The air within the clean room is constantly refreshed and maintained at a cleanliness level known as Class 10, Horwath said. The air is even cleaner within the stackers, which transport silicon wafers from tool to tool. That air is kept at Class 1 status, meaning only three particles of dirt measuring 0.3 microns in size are allowed within a cubic foot of air. By comparison, the air in the hallway from where the clean room can be observed is off the charts, "something like Class 100,000," Horwath laughs.
Several hundred technicians work 12-hour shifts underneath the perpetual yellow-orange light bathing fab D1D. Regular white light would cloud the light-sensitive chemicals used in the manufacturing process to project the mask, or the material containing the chip's layout, onto the silicon wafer. Making a chip is almost like taking a photograph, except layers of silicon dioxide are left behind instead of an image.
Intel flies in workers from other facilities to Hillsboro to learn how technologies are rolled out within D1D, having them spend six months to a year learning how things work in Oregon before returning to their fabs to duplicate the procedure under Intel's Copy Exactly strategy, according to one Intel employee accompanying Wednesday's tour.
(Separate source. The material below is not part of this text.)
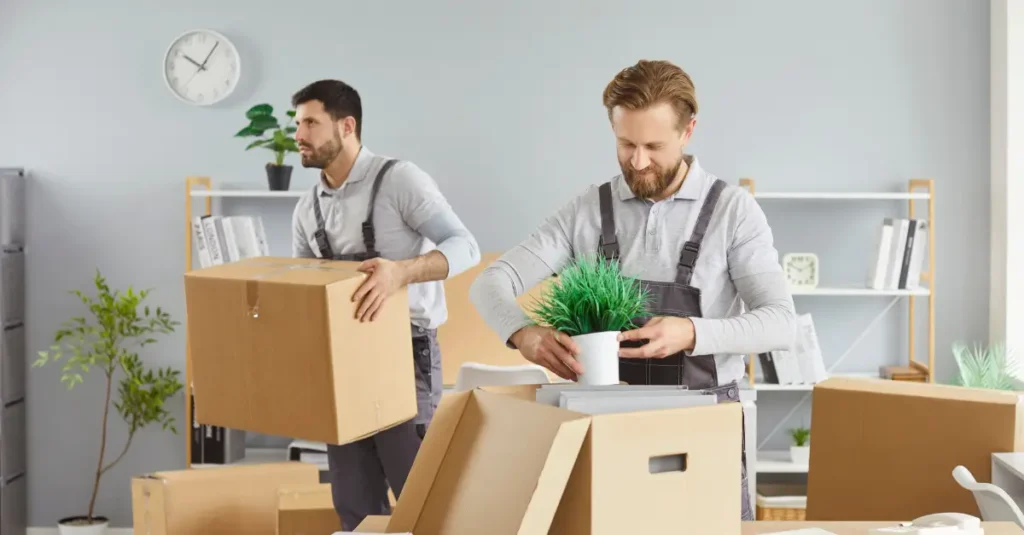 Professional movers packing boxes and office items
In fact, the company is currently constructing living quarters just outside D1D for the employees that will soon be charged with rolling out Intel's 65nm manufacturing technology at fabs in Oregon and Ireland.
Photographs were not allowed within D1D. A sign placed prominently next to the entryway reminded Intel employees that they could be dismissed from their jobs for taking unauthorized pictures of D1D. Intel is so concerned about secrecy within D1D that it won't permit any outsiders to use its network for Internet access, and security guards kept a close eye on guests as they toured the facility.